ベーカリーアドバイザーの部屋

難解な製パン理論を、楽しく解説。 どうして??と思ったらのぞいてみて下さい

ミックス粉で作るパンは美味しい・・・・のか???

こんな質問をいただきました。

うちの工房では、とにかく多くのミックス粉を使っています。

フランスパンも食パンもすべてミックス粉ですし、ドーナツやスイートロールもミックス粉です。

品質が安定していて、冷凍生地を使うよりも良いパンが出来るからだとチーフは言っているのですが、これって自家製だと言えると思いますか?

価格も高くつくと思いますし、何よりも発酵時間が短いのが楽と言えば楽なのですが、作り手としてどうなのかなと考えてしまいます。

他のパン屋さんではどの程度ミックス粉を使用しているのでしょうか?

ミックス粉で作ったパンは、ミックス粉で作った事が専門家が食べればわかってしまうものなのでしょうか。

大変おかしな質問である事は十分承知していますが、これで良いのか悪いのかがどうしてもはっきりと知りたくて質問させていただきました。

ブログを拝見していて、ミックス粉の事があまり書かれていないので、語る価値もないものなのかなとも考えてしまい、気になって仕方がありません。

他に聞ける人がいないので、解る範囲で構いませんので教えていただけないでしょうか?


ミックス粉ですか・・・・確かにあまり触れては来ませんでしたね(~_~;)

と言うよりも、ミックス粉に関する質問は正直初めていただきました。

そもそも皆様は、ミックス粉なるものをご存知でしょうか???

誰でも知っているミックス粉といえば、そうそう、あのホットケーキミックスがありますね。

少しの材料を加えるだけで、見事にふっくらとしたホットケーキが出来ますよね(笑)

製パン原材料の中には、このホットケーキミックスと同じように、安定的に様々なパンが作れるように工夫されたミックス粉というものがあるのです。

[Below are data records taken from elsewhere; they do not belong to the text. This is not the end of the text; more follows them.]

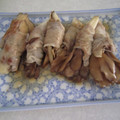 きらり流れ星's cooksnap of when they made 簡単！すき焼き☆舞茸の肉巻き.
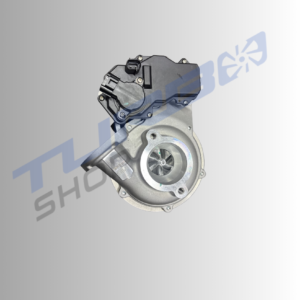Toyota Turbocharger – Hilux / Fortuner 2.8 GD-6  NEW/EXCHANGE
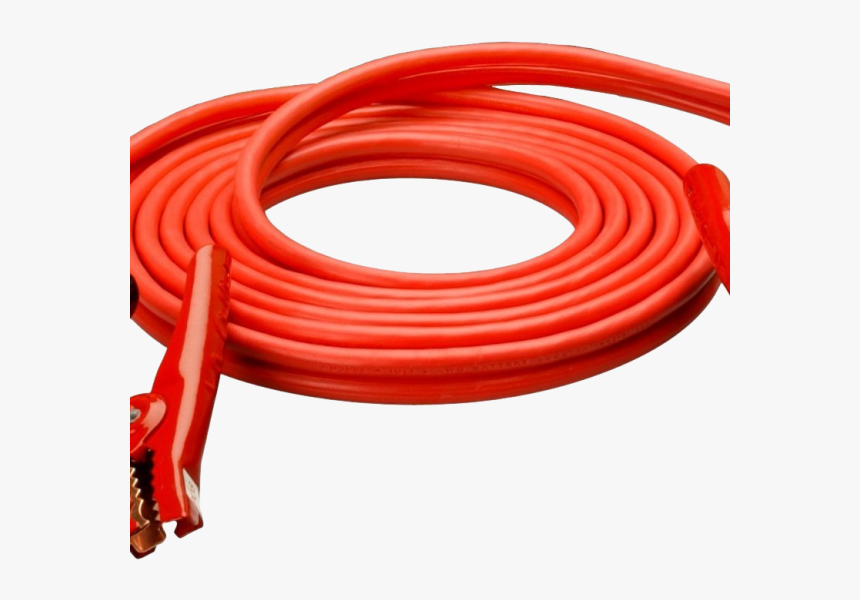 Heavy Duty Jumper Cable - Jumper Cables, HD Png Download, Free Download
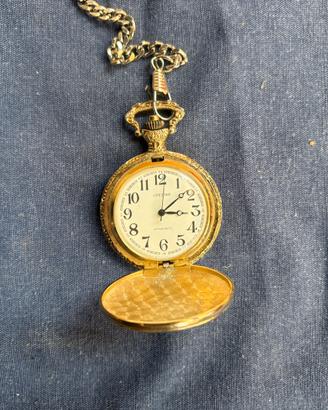Orologio da taschino vintage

ではいったい、どの位の種類のミックス粉が存在すると思われますか???

恐らくは、ミックス粉だけでパン屋が開けるほどの種類が存在しているのです。

しかも、各メーカーがそれぞれ色々と出していますから、その種類はと言うと・・・・

かなり多く、数百種類はありますね。

ではこのミックス粉で作ったパンは、果たして美味しいのかどうか・・・・・

について考えてみたいと思います。

まず、ミックス粉の中にはいったい、どのような材料が含まれているものなのでしょうか?

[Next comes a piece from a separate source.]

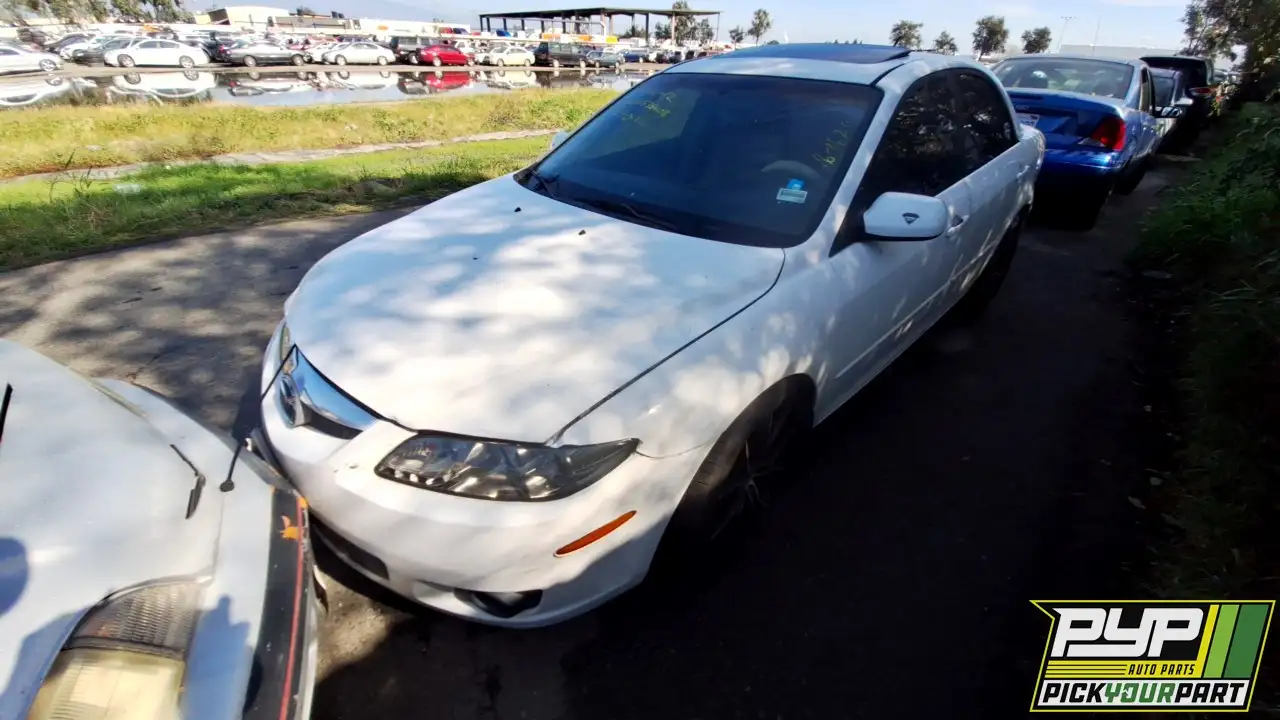Photo of 2006 Mazda 6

まず、必ずと言っていいほど入っているであろう材料と言えば、恐らく改良剤や安定剤などの食品添加物。

ミックス粉の利点と言えば、作業の短縮はもちろんですが、何よりも安定的に作る為のものですので、食品添加物は欠かせない事になります。

ただし、だからと言って薬品だらけのようなイメージを持ってはいけませんよ(ー_ー)!!

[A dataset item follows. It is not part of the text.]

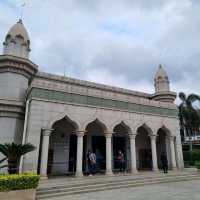 Qingjing mosque in Quanzhou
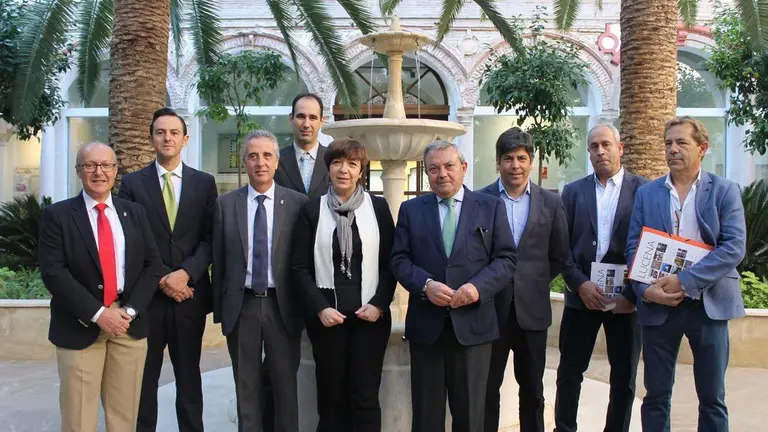 inauguraci&oacute;n jornada agroindustrial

様々な酵素剤などの開発により、より安全に気を使って作られていますので、その辺は気にするべき所ではないと思います。

次に配合されているであろう材料としては、砂糖や塩などの、いわゆる味付け的な材料ですね。

それからこれも必ずと言っていいほど配合されているはずなのが、油脂や卵や乳製品ですね。

これらは皆粉末状に加工されて入っていますので、ミックス粉と言うのはほとんどがやや黄色い色をしています。

もちろん、これら以外にも色々入っているはずですが、そのあたりは企業秘密ですから私には解りません。

では、ミックス粉で作るパン生地と言うのは、一から作ったものと比較して、どのような違いがあるものなのでしょうか?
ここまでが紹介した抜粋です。